Configure Databricks data synchronization - DataWorks - Alibaba Cloud Documentation Center

This topic describes the features and limitations of synchronizing data from a Databricks data source in DataWorks.

Usage notes

Limitations
- Resource groups: Databricks Reader supports only Serverless resource groups. You must also configure a public NAT gateway and an Elastic IP Address (EIP) for the VPC bound to the resource group.
- Read mode: Data synchronization tasks can only read data in JDBC mode.
- Catalog types and feature limitations: When you test data source connectivity or configure a data synchronization task in wizard mode, DataWorks uses databricks-sdk to call the Databricks REST API. This API supports only Unity Catalog. If you use a catalog other than Unity Catalog, such as hive_metastore, these features are unavailable. You can use one of the following solutions:
  - Solution 1 (Recommended): Migrate to Unity Catalog. As recommended by Databricks, migrate your data and metadata to Unity Catalog. This enables you to use all features that DataWorks provides. For more information, see Migrate to Unity Catalog.
  - Solution 2: Use script mode directly. After configuring the data source in DataWorks, skip the Test Connectivity step and configure the data synchronization task in script mode.
Concurrent reads and data consistency
Databricks Reader uses the splitPk parameter for data partitioning, which initiates multiple concurrent tasks to improve synchronization throughput. Note the following:
- The concurrent tasks do not run in the same database transaction and have time intervals between them.
- If data is continuously written to the data source, concurrent reads can result in an incomplete or inconsistent data snapshot.
Due to technical limitations, achieving a perfectly consistent snapshot across multiple concurrent reads is impossible. You can use one of the following solutions, depending on your business requirements:
- Solution 1: Use single-threaded synchronization and do not configure data partitioning by using the splitPk parameter. This guarantees strict data consistency but slows down the synchronization.
- Solution 2: Ensure the data source is static during synchronization. For example, use table locking, temporarily stop application writes, or pause standby database synchronization. This method is faster but can affect online services.
Encoding
Databricks Reader extracts data using Java Database Connectivity (JDBC). JDBC automatically detects and converts character encodings across different databases, so you do not need to manually configure the encoding.
Incremental data synchronization
Databricks Reader extracts data by executing SELECT ... WHERE ... statements. The key to implementing incremental data synchronization is to correctly construct the WHERE clause.
1. Recommended approach (based on a timestamp column):
  1. Design a timestamp column, such as modify_time, in your source database table.
  2. When your application adds or updates data (including logical deletes), ensure that this timestamp column is updated accordingly.
  3. In the data synchronization task, use this timestamp column in the WHERE clause to pull data that has changed since the last synchronization point.
2. Unsupported scenario: If a table does not have a column that can distinguish new from modified records, such as a timestamp or an auto-incrementing ID, Databricks Reader cannot perform incremental data synchronization. In this case, only full data synchronization is possible.

Supported data types

For offline reads, Databricks Reader supports most Databricks data types. However, some types are not supported. Verify your data types before you start.

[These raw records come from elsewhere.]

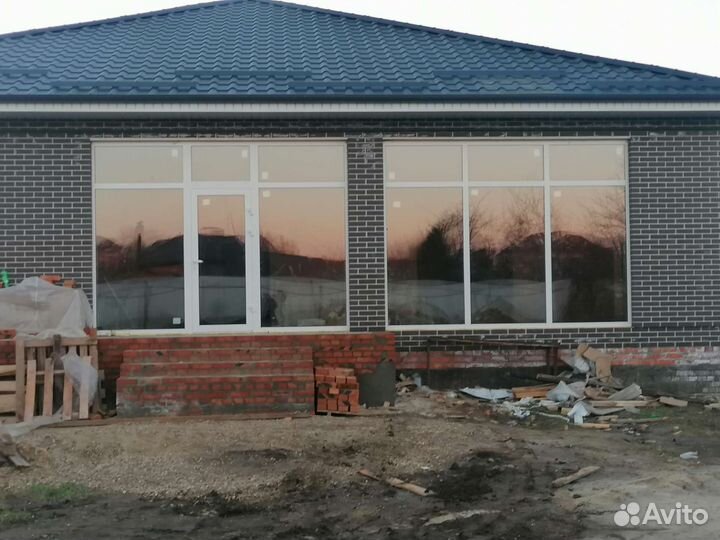 Окна и двери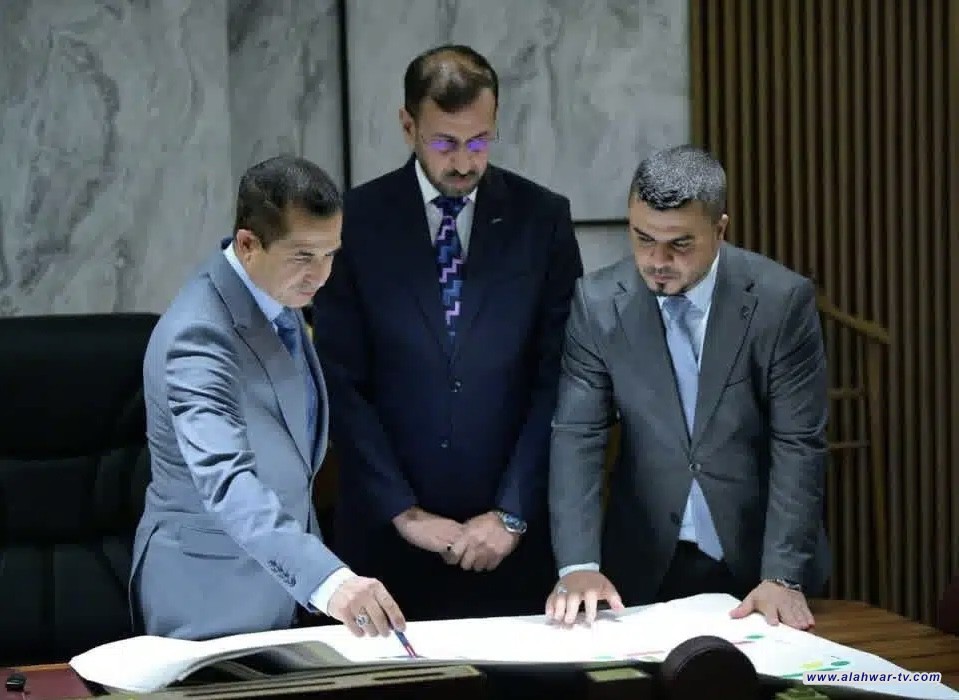 ذي قار تصادق على تصميم العكيكة مما يوفر 4 آلاف قطعة سكنية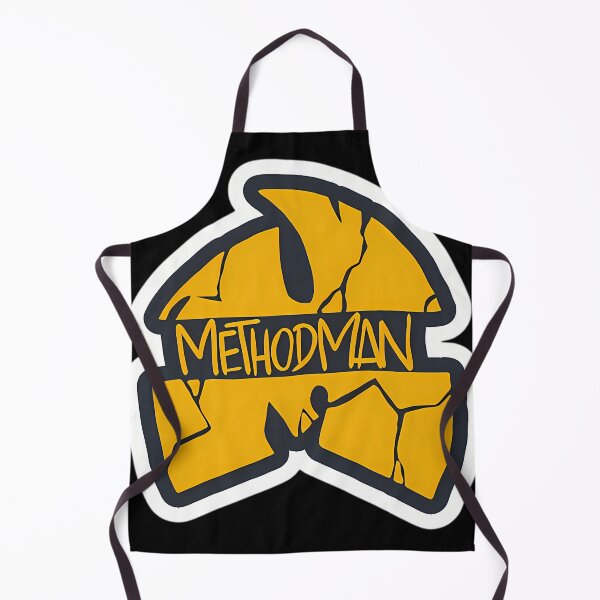 Item preview, Method Man Logo designed and sold by RtRazor.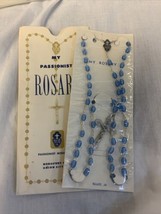 Vintage My Passionist Rosary  - £14.97 GBP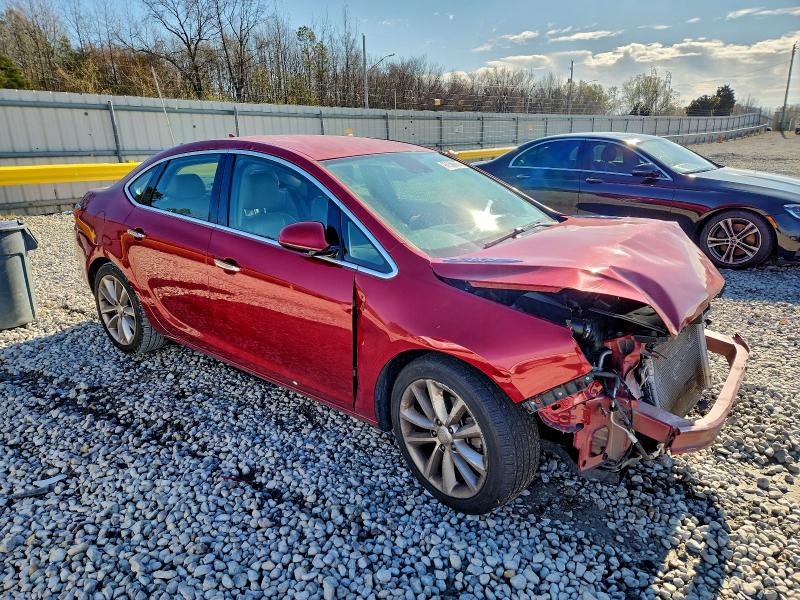 Photo 4 from auction – 2013 BUICK VERANO with VIN 1G4PP5SKXD4255514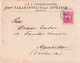 A8478- LETTER  TO APAHIDA CLUJ ROMANIA FROM BUDAPEST STAMP ON COVER 1897 MAGYAR POSTA USED - Storia Postale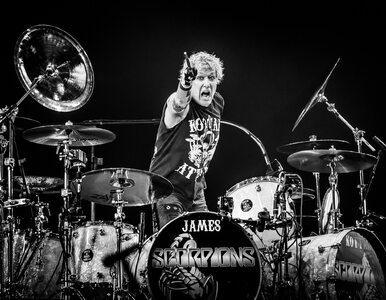 Miniatura: James Kottak z grupy Scorpions nie żyje....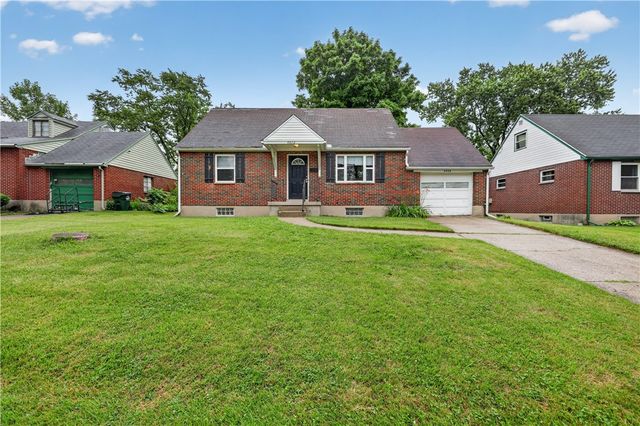 4022 Foxboro Drive, Dayton, OH 45416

The following table lists the Databricks data types that Databricks Reader supports.

Category	Databricks data type
Integers	TINYINT, SMALLINT, INT, BIGINT
Floating-point	FLOAT, DOUBLE, DECIMAL
Strings	STRING
Date/time	DATE, TIMESTAMP, TIMESTAMP_NTZ
Booleans	BOOLEAN
Complex types	ARRAY, MAP, STRUCT
Other types	INTERVAL, BINARY, GEOGRAPHY(srid), GEOMETRY(srid)

Create a data source

Before you develop a data synchronization task, create the corresponding data source in DataWorks. For details, see Data source management. For detailed parameter descriptions, refer to the tooltips on the configuration page.

Develop a data synchronization task

This section describes how to configure a data synchronization task.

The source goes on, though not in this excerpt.